One thing I love about diving is the surprising variety of colours to see. Closer to the surface at about 3 metres depth, the coral starts off rather pastelly and not particularly colourful. The fish are also somehow less colourful up here. Here’s where I admire the beautiful clear blue of the sea or observe the interesting textures of the coral.
Then just slightly deeper and the colourful fish start popping out. It’s faintly surprising that entire schools of fish can be an intense electric blue with bronzed yellow fins.
Alternatively, they could be bright magenta, standing out brilliantly against the sometimes drab coral.
Then there are the slightly bigger and less colourful but no less flamboyant-looking pyramid butterflyfish. They somehow look like company logos swimming around in loose schools.
There are also bigger fish that hold plenty of colour, like this pair of bright red crescent-tail bigeyes that stared miserably out at my camera. Their colourful background didn’t help lift their mood at all. How sad to have a permanently downturned mouth.
One of the more cheerful looking fish is the aptly named fire dartfish, that stands out so prettily against the white sandy area it likes to live in.
Against the more colourful coral background, there are the pictus blenny, looking incongruously like a yellow-tailed Homer Simpson, and the royal dottyback, showing off its magenta and bright yellow colouring.
In the coral itself are Christmas tree worms, like this pretty yellow version.
A real treat is to come across a whole range of colours on one piece of coral. Here, the worms are white-edged brown, bright pink, electric blue and yellow.

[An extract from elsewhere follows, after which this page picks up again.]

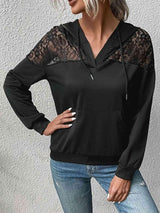 a woman wearing a black top with lace sleeves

Others living off the coral include this sea cucumber lined brightly in vermillion. Its stripes work well with its nobbly skin.
My perennial favourites of bright orange clown anemonefish are another colourful highlight of diving. Here, a whole family looks up expectantly out of dusky pink-brown anemone.

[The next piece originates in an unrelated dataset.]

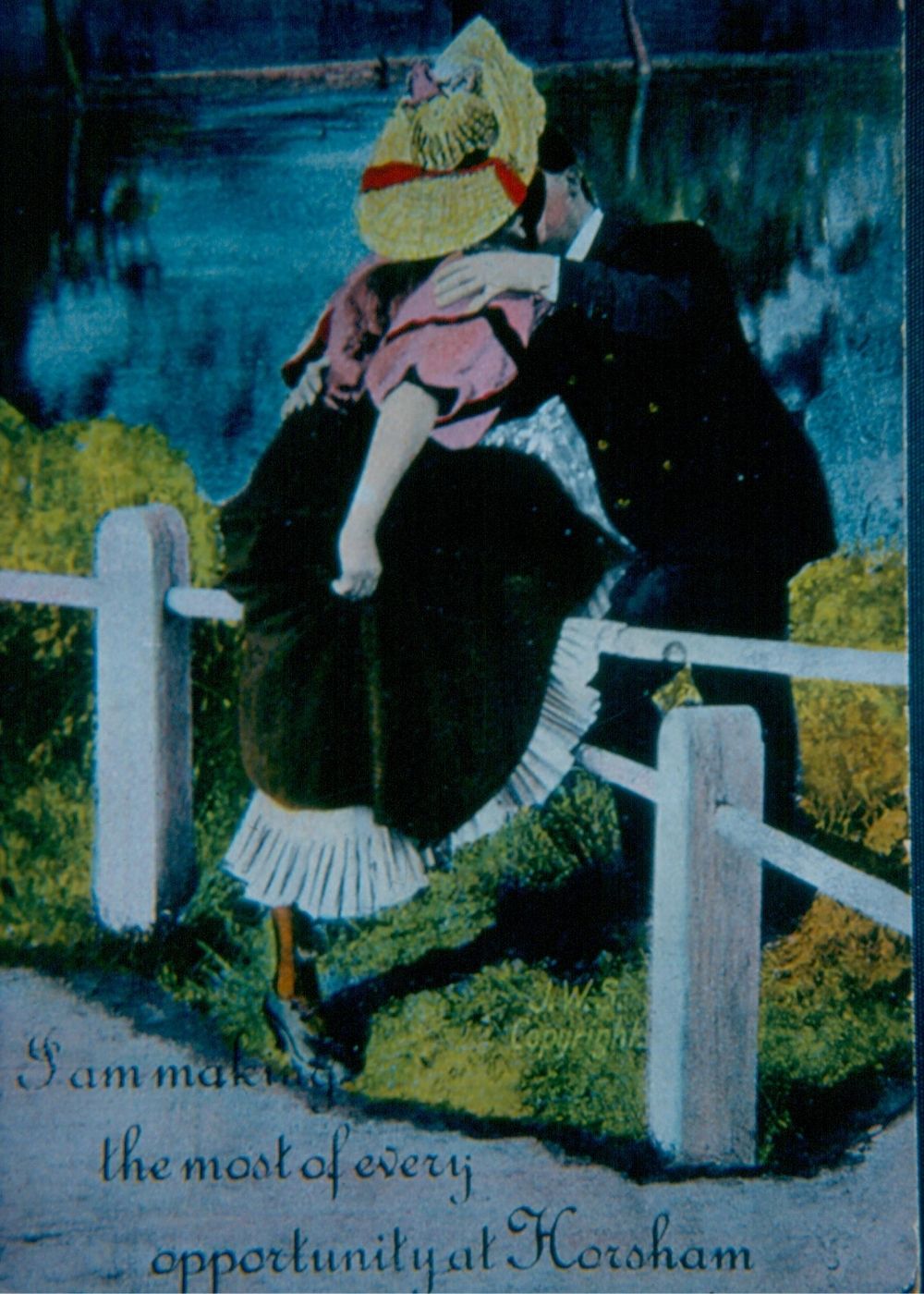 Colour postcard showing a couple kissing.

In blue-tinged green anemone, the very slightly purplish pink anemonefish looks out more dolefully.
A much tinier fish, the translucent red whip coral goby lives on fiery red whip coral, shyly looking everywhere but the camera.
Then at night slightly more colours come out. The blue on this scrawled filefish comes out decently against the reds of the coral.

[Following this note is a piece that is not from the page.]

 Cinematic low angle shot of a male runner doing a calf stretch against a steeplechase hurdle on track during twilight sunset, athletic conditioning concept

And the vermillion, brown and white of the twinspot lionfish come out dramatically against the slightly more muted coral.
We had our own colours too. As a contrast from the usual black of neoprene wetsuits, DC and I went for red fins, which appeared purplish when deeper as the water absorbed the red light.
And I decided more colour is always good, and wore my bright pink dolphin hood to match the colourful underwater life.